The clinician must therefore reach a proper diagnosis of the patient’s condition to competently and accurately complete a suicide risk assessment. As noted above, the Diagnostic and Statistical Manual (DSM IV-R), considered the bible of psychiatric diagnosis, fairly well defines the various mental diseases and illnesses. Major Depressive Disorder, Bipolar Disorder, Schizophrenia, and substance abuse/dependency are four diagnoses which place patients at the highest risk for suicide. “In a clinical setting, assessment of suicide risk must precede any attempt to treat psychiatric illness or prevent suicide.”

Thus, prevention of suicide is only as good as the underlying foundation of medical assessment from which it proceeds. Thereafter, once a physician has made such assessment, there is an obligation or duty to take reasonable steps to prevent the suicide of that patient. (Jamison, K. Redfield, Night Falls Fast: Understanding Suicide (New York: Alfred A. Knopf, (1999) Page 237). Thus, proper diagnosis allows for proper treatment and proper treatment indirectly reduces the risk of completed suicide.

A clinician’s obligation is take reasonable steps to do the following:

(a) Remove access to firearms, having made every effort to inquire about same. (Flach, Frederic E.d., A Comprehensive Guide to Risk Management in Psychiatry (New York: Hatherleigh Press, (1998) Page 156);

(b) Involve the patient’s family and/or significant others in proactive prevention efforts;

(c) Evaluate the time and number of meetings with the patient; and

(d) Referral by a family practitioner to a professional mental health provider, such as a psychiatrist.

Their obligations may involve questions related to the need to modify or alter treatment, provide more close supervision, or even hospitalization. Question of hospital culpability arises once hospitalization has occurred.

Issues related to suicide create additional challenges for a trial lawyer in a medical malpractice setting beyond those that are normally experienced in what are generally difficult cases to begin with. There are numerous biases that jurors will bring to the case. Recent evaluation, by this office, has established that approximately twenty percent of the population may believe that suicide is an intentional act and if someone really wants to kill themselves they will eventually do it. As a corollary to that, the affects of an individual juror’s religious training or background may impute some type of intentional fault or “sin” upon the suicidal patient. This presents difficult bias issues for purposes of jury selection (or de-selection).

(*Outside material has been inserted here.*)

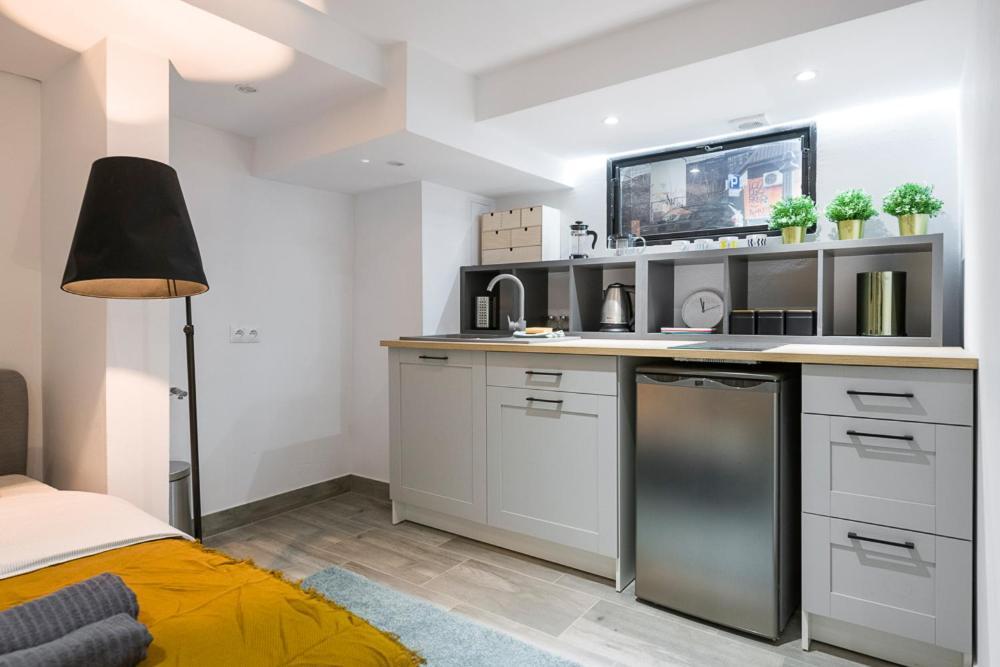 Cosy In Perfect Location Apartament *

The facts are that suicide is not a rational process. Instead, suicide involves people that do not want to die but they want to end their pain. Thus, it is an irrational act chosen to reach an irrational result. (Bongar, Bruce, et al., Risk Management of Suicidal Patients (New York: Guilford Press (1998) Page 43).

There are numerous other myths about suicide. It is a complex issue and brings additional tragedy to what is otherwise tragic to begin with: an untimely death. When suicide occurs, the survivors suffer tremendous guilt and mental anguish, as well.